Global | sindonews | Jum'at, 17 Januari 2025 - 08:34
share

Amerika Serikat (AS) memilih untuk menghindar dari perlombaan senjata nuklir ala Perang Dingin melawan Rusia dan China.

Menurut Washington kehancuran ekonomi Uni Soviet karena ambisi senjata atomnya menjadi pelajaran penting bagi Amerika.

Kepala Badan Keamanan Nuklir Nasional Jill Hruby mengatakan AS tidak dapat membangun lebih banyak senjata nuklir daripada Rusia dan China dalam beberapa dekade mendatang, meskipun ada rencana modernisasi persenjataan nuklir senilai USD1,7 triliun yang sedang berlangsung.

"Perlombaan senjata nuklir tidak menguntungkan siapa pun," kata Hruby, yang lembaganya membangun dan menyimpan senjata nuklir Amerika, pada hari Kamis di lembaga think tank Hudson Institute.

Para pakar pengendalian senjata memperingatkan bahwa panggung telah disiapkan untuk perlombaan senjata tiga arah baru yang mahal dengan Rusia dan China. Perjanjian terakhir yang tersisa antara Rusia dan AS yang membatasi penyebaran senjata nuklir—New START—berakhir pada awal tahun 2025.

Pejabat Pentagon memperkirakan bahwa China, yang tidak memiliki batasan perjanjian mengenai jumlah hulu ledak nuklirnya, memiliki lebih dari 600 senjata nuklir saat ini dan akan memperluas persenjataan mereka menjadi 1.000 atau lebih pada tahun 2030.

Rusia memiliki 5.580 senjata nuklir, dan AS memiliki persediaan 5.044, menurut Federasi Ilmuwan Amerika.

Hruby memperingatkan agar tidak mengambil pelajaran yang salah dari perlombaan senjata Perang Dingin yang telah berlangsung selama puluhan tahun.

Meskipun Moskow membangun lebih banyak hulu ledak nuklir—yang memuncak pada lebih dari 40.000 pada 1980-an—, upaya tersebut menghancurkan ekonomi Uni Soviet dan menyebabkan pembubarannya pada 1991.

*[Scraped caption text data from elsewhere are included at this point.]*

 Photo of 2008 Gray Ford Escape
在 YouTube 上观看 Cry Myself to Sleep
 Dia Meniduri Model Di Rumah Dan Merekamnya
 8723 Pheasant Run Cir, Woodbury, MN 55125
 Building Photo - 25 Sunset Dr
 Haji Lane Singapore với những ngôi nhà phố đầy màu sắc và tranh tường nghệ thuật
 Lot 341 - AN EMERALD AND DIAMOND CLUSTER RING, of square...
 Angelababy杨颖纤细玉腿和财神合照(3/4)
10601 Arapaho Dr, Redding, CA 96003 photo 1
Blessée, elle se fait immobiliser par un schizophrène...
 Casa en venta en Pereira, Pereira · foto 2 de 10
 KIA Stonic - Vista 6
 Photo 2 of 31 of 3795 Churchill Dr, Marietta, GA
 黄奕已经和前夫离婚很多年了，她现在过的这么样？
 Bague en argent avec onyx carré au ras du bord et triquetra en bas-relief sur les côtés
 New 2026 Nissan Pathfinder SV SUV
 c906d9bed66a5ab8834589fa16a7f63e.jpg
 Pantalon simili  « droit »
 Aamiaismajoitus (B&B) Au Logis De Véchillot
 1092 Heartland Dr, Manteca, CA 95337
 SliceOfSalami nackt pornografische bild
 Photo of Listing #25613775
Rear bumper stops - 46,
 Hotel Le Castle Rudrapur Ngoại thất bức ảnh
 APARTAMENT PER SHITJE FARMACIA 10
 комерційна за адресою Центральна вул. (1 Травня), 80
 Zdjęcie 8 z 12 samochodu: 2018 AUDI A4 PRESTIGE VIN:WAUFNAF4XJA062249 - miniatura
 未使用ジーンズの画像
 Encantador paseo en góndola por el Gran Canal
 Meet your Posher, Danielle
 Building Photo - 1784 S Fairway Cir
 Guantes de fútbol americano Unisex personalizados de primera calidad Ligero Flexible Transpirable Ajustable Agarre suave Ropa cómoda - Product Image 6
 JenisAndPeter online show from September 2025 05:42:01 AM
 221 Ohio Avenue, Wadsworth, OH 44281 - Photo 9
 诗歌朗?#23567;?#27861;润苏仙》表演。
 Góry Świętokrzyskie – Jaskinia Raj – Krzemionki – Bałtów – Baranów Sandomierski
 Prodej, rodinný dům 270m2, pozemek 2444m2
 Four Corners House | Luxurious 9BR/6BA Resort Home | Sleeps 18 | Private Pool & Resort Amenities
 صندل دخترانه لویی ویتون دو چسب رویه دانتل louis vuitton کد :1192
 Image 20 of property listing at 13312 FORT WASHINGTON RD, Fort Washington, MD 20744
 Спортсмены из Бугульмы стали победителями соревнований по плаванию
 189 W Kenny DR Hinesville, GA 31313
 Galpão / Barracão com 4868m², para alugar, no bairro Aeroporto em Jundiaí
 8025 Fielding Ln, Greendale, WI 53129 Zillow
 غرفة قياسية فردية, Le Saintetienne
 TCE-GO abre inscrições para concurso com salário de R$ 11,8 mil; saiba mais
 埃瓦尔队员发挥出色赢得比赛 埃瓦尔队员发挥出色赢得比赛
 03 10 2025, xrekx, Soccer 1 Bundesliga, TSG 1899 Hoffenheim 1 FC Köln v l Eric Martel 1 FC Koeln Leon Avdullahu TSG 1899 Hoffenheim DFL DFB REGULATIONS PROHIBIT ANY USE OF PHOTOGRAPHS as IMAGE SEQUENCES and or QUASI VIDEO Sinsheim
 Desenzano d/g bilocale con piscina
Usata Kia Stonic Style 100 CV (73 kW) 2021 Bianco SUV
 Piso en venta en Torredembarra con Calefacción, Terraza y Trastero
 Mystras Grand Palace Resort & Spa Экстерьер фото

"Itu bukan cara kita untuk menang [hari ini]," kata Hruby, yang dilansir USA Today, Jumat (17/1/2024). "Membangun banyak senjata dalam jangka panjang sepertinya bukan strategi yang tepat,” ujarnya.

Sebaliknya, kata Hruby, pemerintahan AS di masa mendatang harus lebih unggul dalam berpikir baik terhadap Rusia maupun China untuk berhasil menghalangi, atau mencegah, potensi penggunaan senjata nuklir mereka.

Namun, mantan pejabat dari pemerintahan pertama Presiden terpilih Donald Trump berpendapat sebaliknya.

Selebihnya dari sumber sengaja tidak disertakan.